Avec la guerre en Ukraine, accueillir chez soi des réfugiés est un bon moyen d’aider concrètement. Anne, Philippine et Ariane, trois françaises installées à Berlin, ont accueilli des réfugiés chez elles, elles nous expliquent cette expérience de cohabitation.
L’Allemagne est l’un des pays où les institutions et les citoyens se sont largement mobilisés pour accueillir le flux des réfugiés ukrainiens. En mars, on comptait plus de 230 000 réfugiés sur le territoire allemand. Face à la situation dramatique dans laquelle se retrouvent les familles ukrainiennes, des citoyens se sont décidés à aider en les accueillant chez eux.

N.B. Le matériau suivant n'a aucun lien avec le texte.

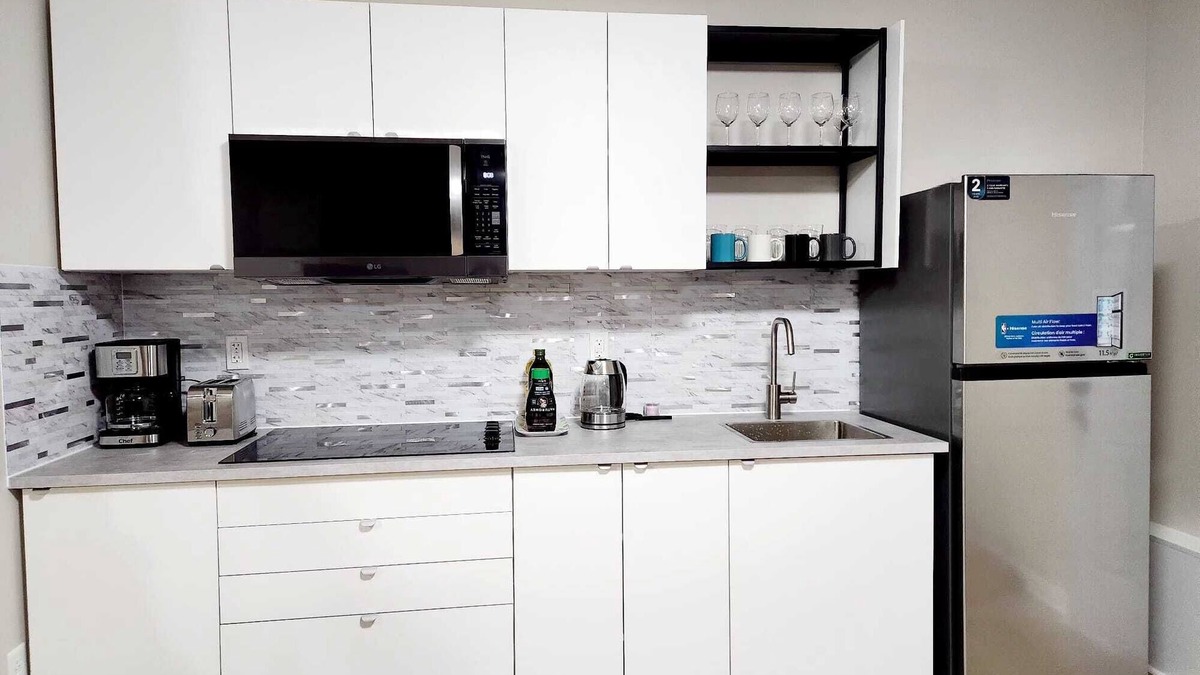Halifax Apartment | Basement Studio w/Den & Kitchenette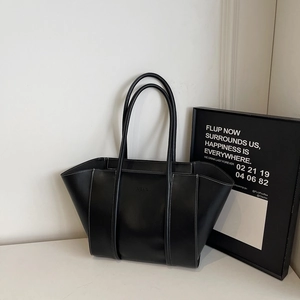 Grand cabas noir minimaliste avec surpiqûres blanches et gravure Fashion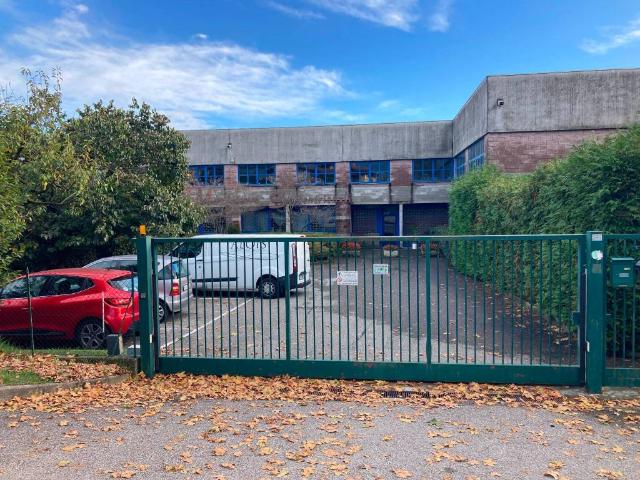 Locale Commerciale in vendita a Verzago, Alzate Brianza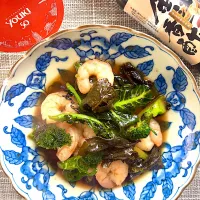 鉄観音茶葉のエビとブロッコリーの炒め| 栃倉 直人さん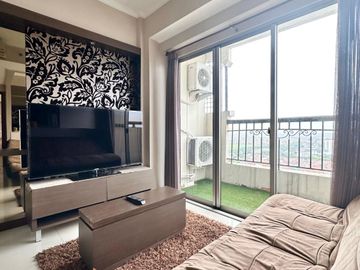 SEWA TAHUNAN 2BR LANTAI TINGGI 56m2 APARTEMEN FURNISHED WATERPLACE RESIDENCE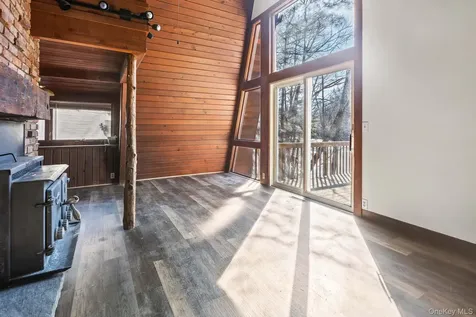 304 Lake Lodge Drive Pleasant Valley NY 12569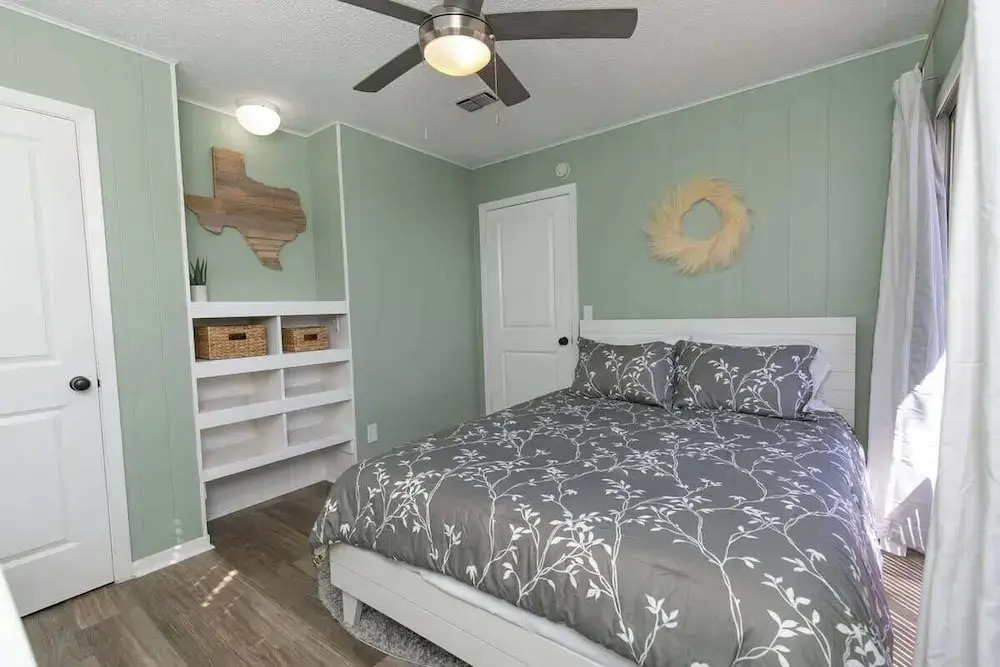 Texas Charm Cottage - 1 Block From the Lake & Hill Country Views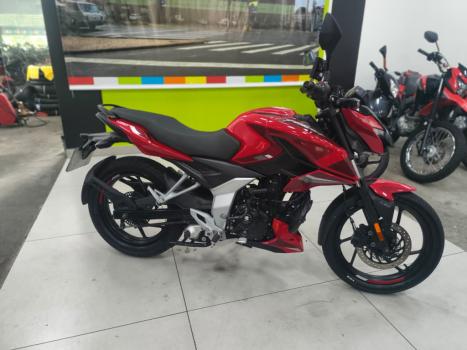 BAJAJ Pulsar 150 , Foto 2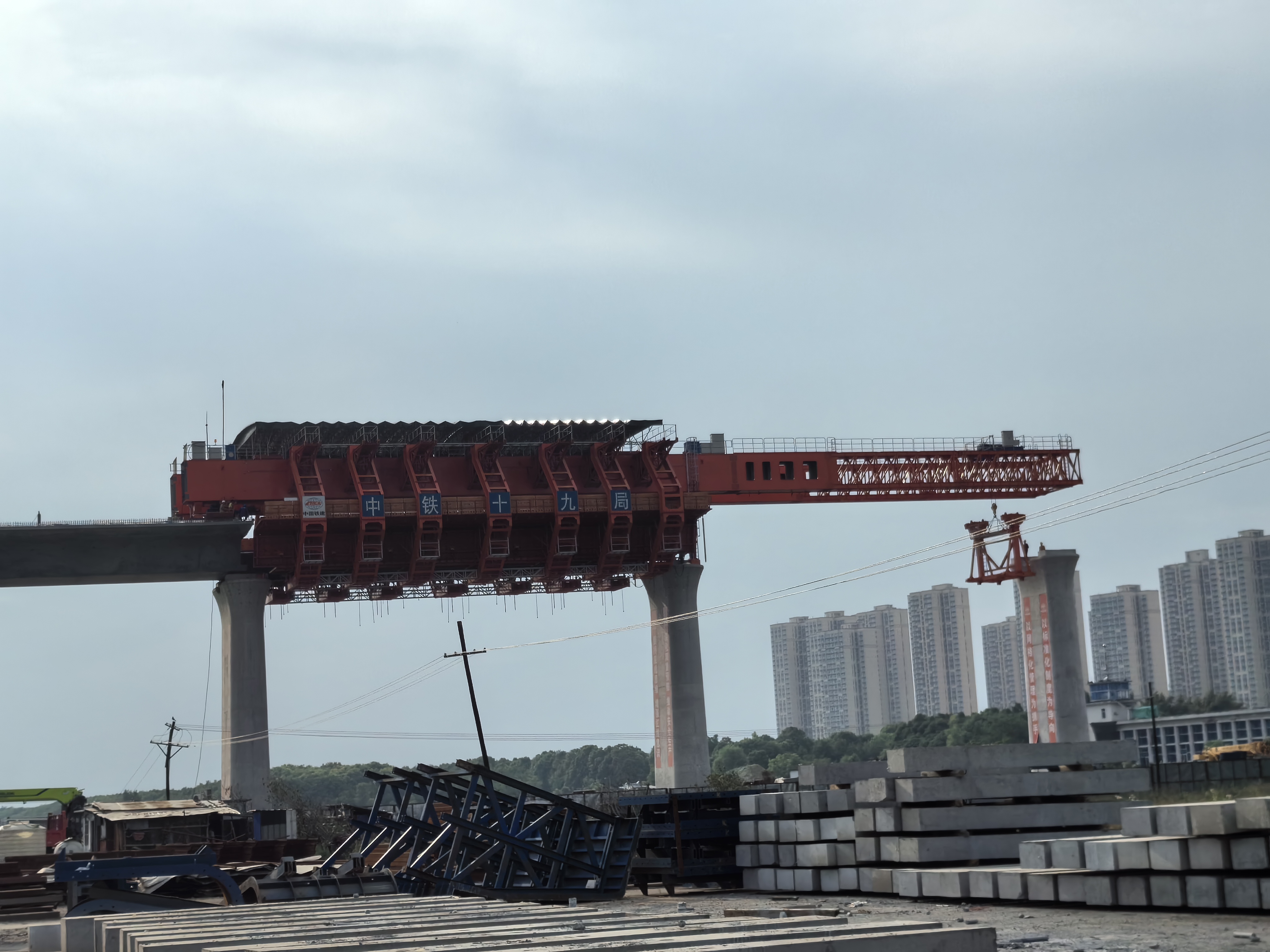 海南三亚移动模架厂家 单主梁模架支腿垫板沉降成因与处置措施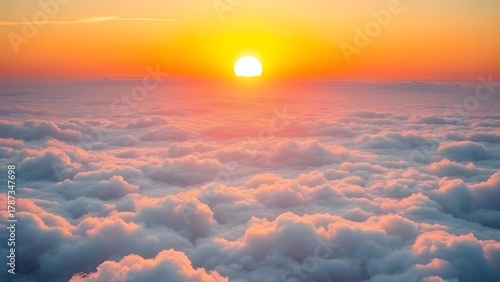 구름 너머 떠오르는 해 the rising sun beyond the clouds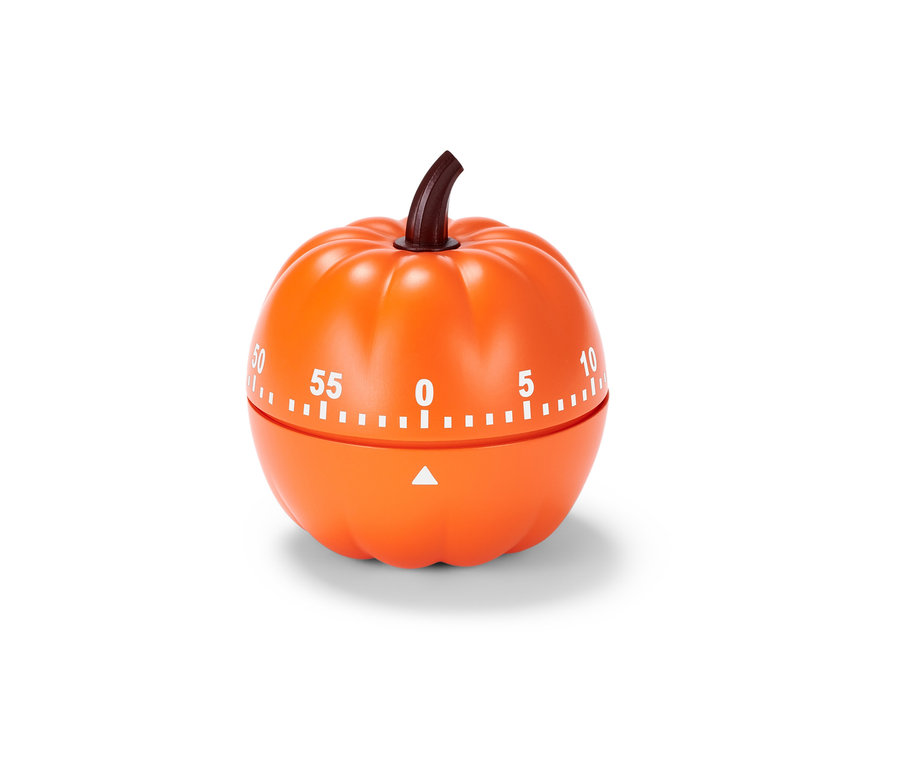 Beyaz arka planda kahverengi sapı olan balkabağı şeklinde turuncu mutfak zamanlayıcısı.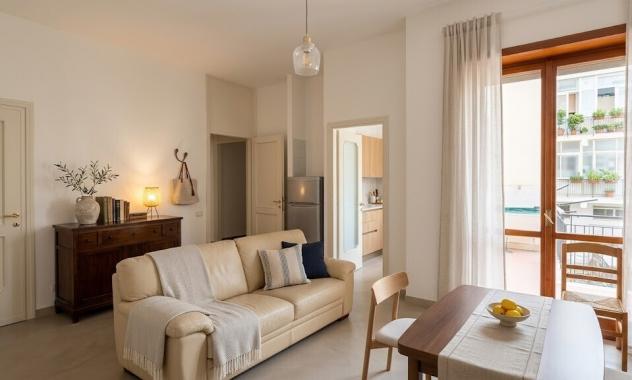 Quadrilocale in vendita a Lecce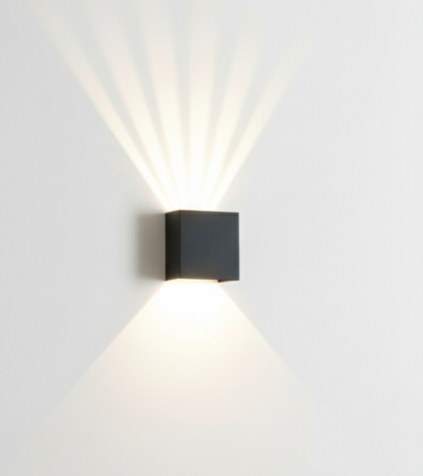 Minimalist LED Wall Sconce – 4-Way Light Projection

Si ce geste est à féliciter, il est important de rappeler que c’est un engagement qu’il ne faut pas prendre à la légère. La cohabitation n’est pas toujours une affaire facile, il faut donc s’y préparer. Nous sommes allés à la rencontre de trois françaises de Berlin, Ariane, Anne et Philippine, qui ont ouvert leur porte à des réfugiés. Elles nous partagent leurs expériences et leurs conseils.
Une nécessité à agir
Pour toutes, la guerre en Ukraine a été un choc et un déclic qui les a motivées à « faire quelque chose » pour aider. Très vite, accueillir des réfugiés dans le besoin semble être une des choses concrètes à faire. Anne et sa compagne ont décidé de recevoir une maman et son fils pendant une semaine, le temps qu’ils trouvent un logement sur le long terme. Ariane et ses trois autres colocataires ont accueilli en mars Sunny, un étudiant nigérian venu en Ukraine pour ses études. Enfin Philippine et son compagnon Bruno ont hébergé Alina pour deux mois. Peu importe la durée de l’accueil, il a fallu penser à la cohabitation et à sa logistique afin d’accueillir dans de bonnes conditions. Elles nous expliquent.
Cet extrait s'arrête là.